Directs delegation chairman, after tactical delay, so to cast all 93 votes
By Warren Moscow

Chicago, Illinois – (June 25)
New York took officially tonight its long-delayed action in endorsing Governor Dewey for President, instructing the chairman of its delegation to the Republican National Convention to cast its solid bloc of 93 votes for him on the first ballot.

The delay had been only for tactical reasons, and the unanimity was far different from 1940, when Mr. Dewey’s weakness in his home state delegation was a factor in his loss of strength from the time the balloting began in Philadelphia.

Tonight, it was different. With no rollcall and with state chairman Edwin F. Jaeckle standing on a chair in a ballroom recently used for a buffet supper, the vote was unanimous on a resolution presented by Troy Mayor John J. Ahearn.

Text of the resolution

The resolution read as follows:

In 1942, Thomas E. Dewey was nominated for Governor by the duly elected delegates of the Republican Party in New York State and was thereupon elected. He has devoted himself wholeheartedly and exclusively to the responsibilities of that office.

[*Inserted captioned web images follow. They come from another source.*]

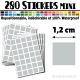 280 Carrés 1,2 cm - Stickers mini gommettes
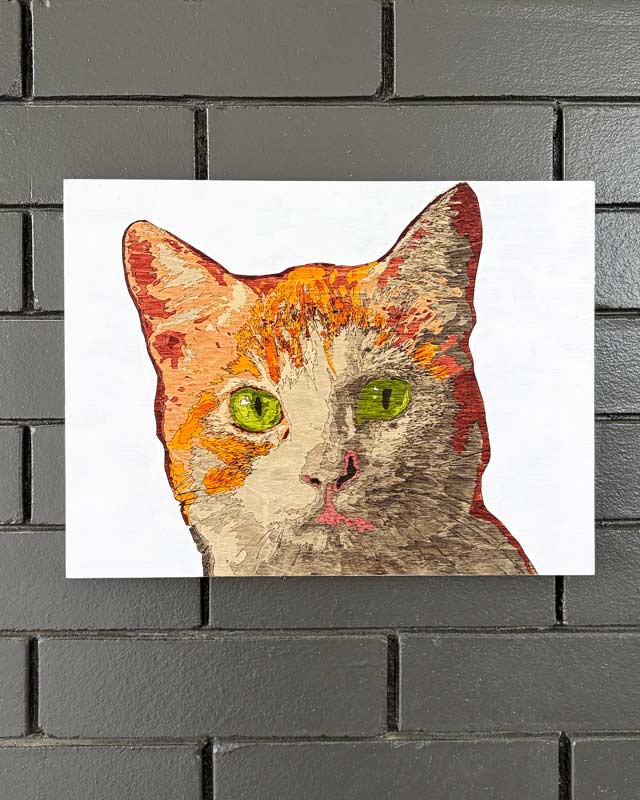 Hand-Etched Wood Pet Portrait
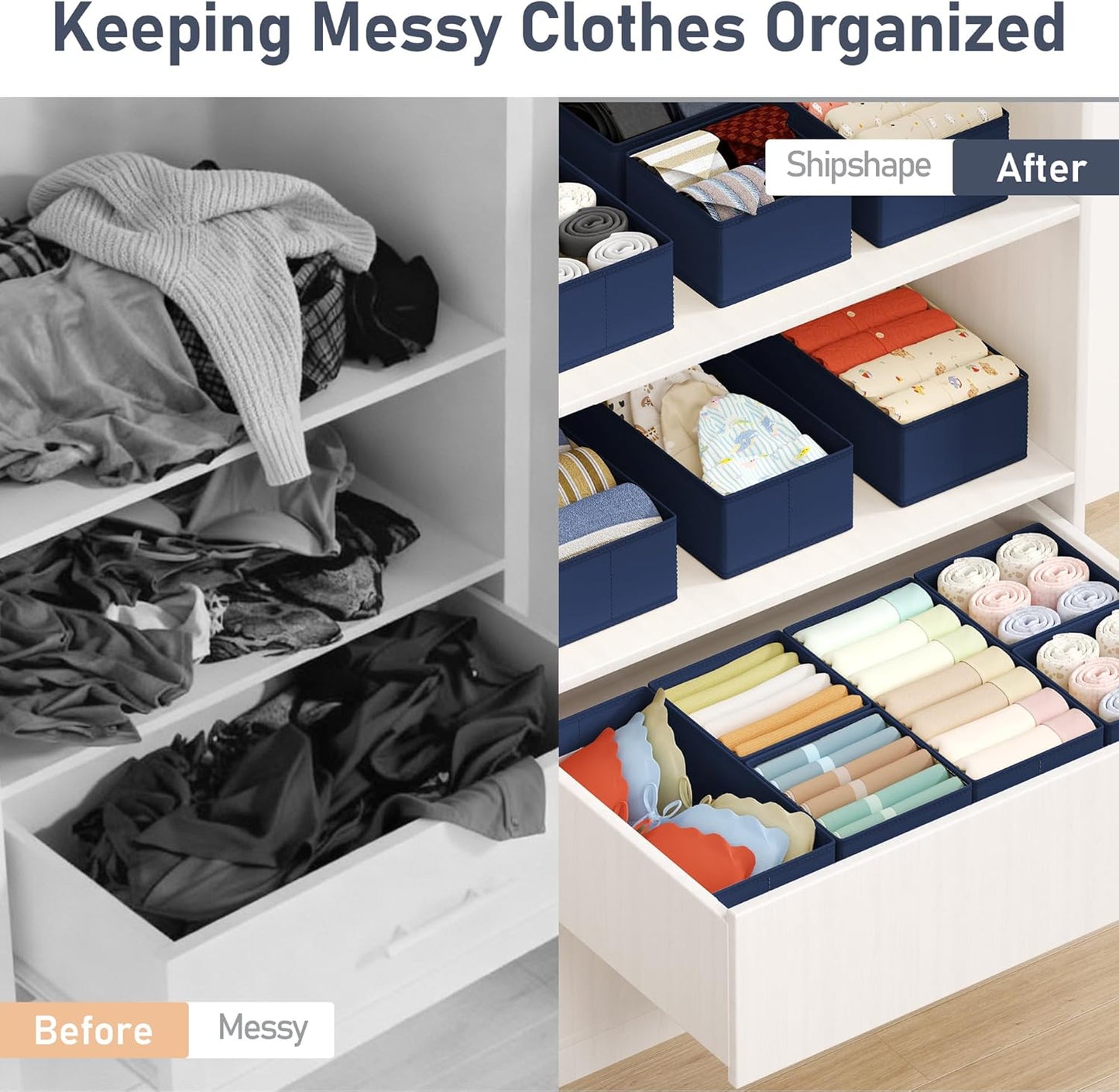 DIMJ Drawer Organizers Clothes, Dresser Organizer Bins for Baby Clothes,Underwear and Sock, Fabric Closet Organization and Storage Boxs, Drawer Dividers for Nursery, Clothing, Tie - 4 Pack, Beige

Today, we, the duly elected delegates from New York State to this convention, join with delegates of other states in the draft of Governor Dewey for the service of the nation.

We take this action because we recognize that the interests of the people of New York, like those of all of our people, will best be served by electing Governor Dewey to be President of the United States.

Therefore, be it resolved, that the chairman of the delegation from New York State to the Republican National Convention be and hereby is instructed to cast the votes of the delegates of New York State for Thomas E. Dewey for President.

Organizing is completed

Just before adopting the resolution, the delegation completed, equally informally, its organization for the convention. J. Russel Sprague and Jessica McCullough Weis were reelected national committee members, Mr. Jaeckle was picked as chairman of the delegation, Mrs. Weis became vice chairman, and Harold Turk of Brooklyn, secretary.

William H. Hill, long-time leader of the Southern Tier counties, was named to the committee on permanent organization; Mrs. Harriet Mack of Westchester to the Committee on Rules, and Livingstone Platt of Westchester, to the Committee on Credentials.

Meanwhile, it became known that the problem of providing a Governor for New York during the period that Mr. Dewey will be out of the state to attend the convention here has been solved.

All three statutory successors, Lieutenant Governor Joe R. Hanley. Senator Majority Leader Benjamin F. Feinberg and Speaker Oswald D. Heck of the Assembly are delegates, and one should return to the state before Mr. Dewey leaves it on Wednesday.

It became known tonight that Mr. Feinberg had been selected, and he will leave here about the time Mr. Dewey leaves Albany.

Enthusiasm at headquarters

With the New York delegates’ arrival on a special train this morning, Dewey banners and buttons sprang into sight.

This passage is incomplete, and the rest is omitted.